• Entries provided:

******************************

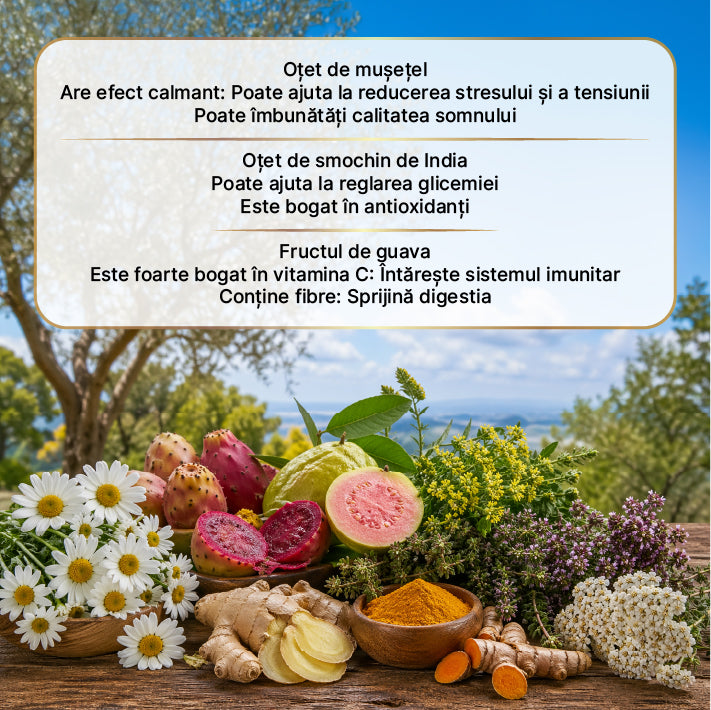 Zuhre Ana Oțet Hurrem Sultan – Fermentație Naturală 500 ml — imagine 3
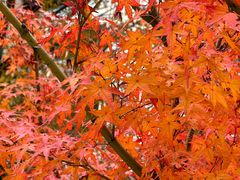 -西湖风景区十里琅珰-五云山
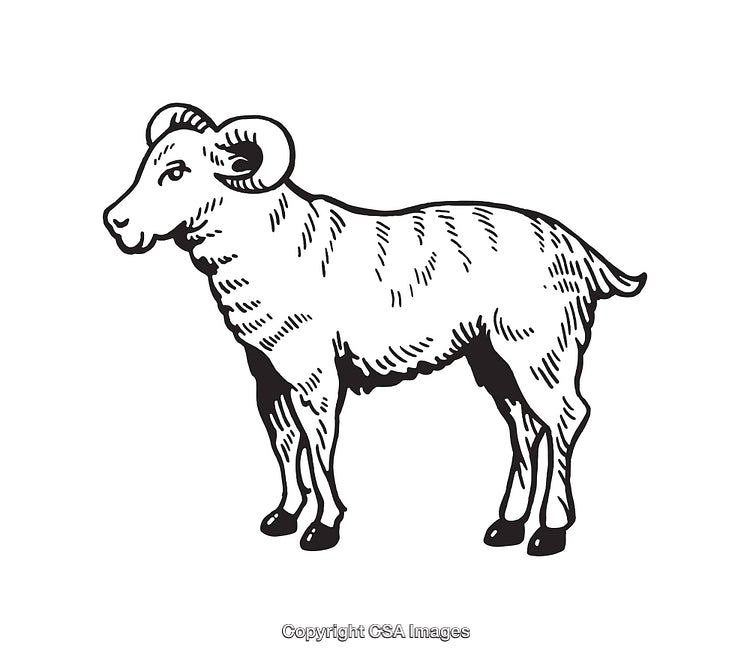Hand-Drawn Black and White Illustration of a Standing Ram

******************************

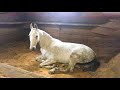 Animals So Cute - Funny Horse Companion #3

******************************

• What the exercise asks:
No picture is to be printed. Output exactly the lines above from the line containing "Zuhre Ana Oțet" through the line containing "Hand-Drawn Black and".

• Response:
 Zuhre Ana Oțet Hurrem Sultan – Fermentație Naturală 500 ml — imagine 3
 -西湖风景区十里琅珰-五云山
Hand-Drawn Black and White Illustration of a Standing Ram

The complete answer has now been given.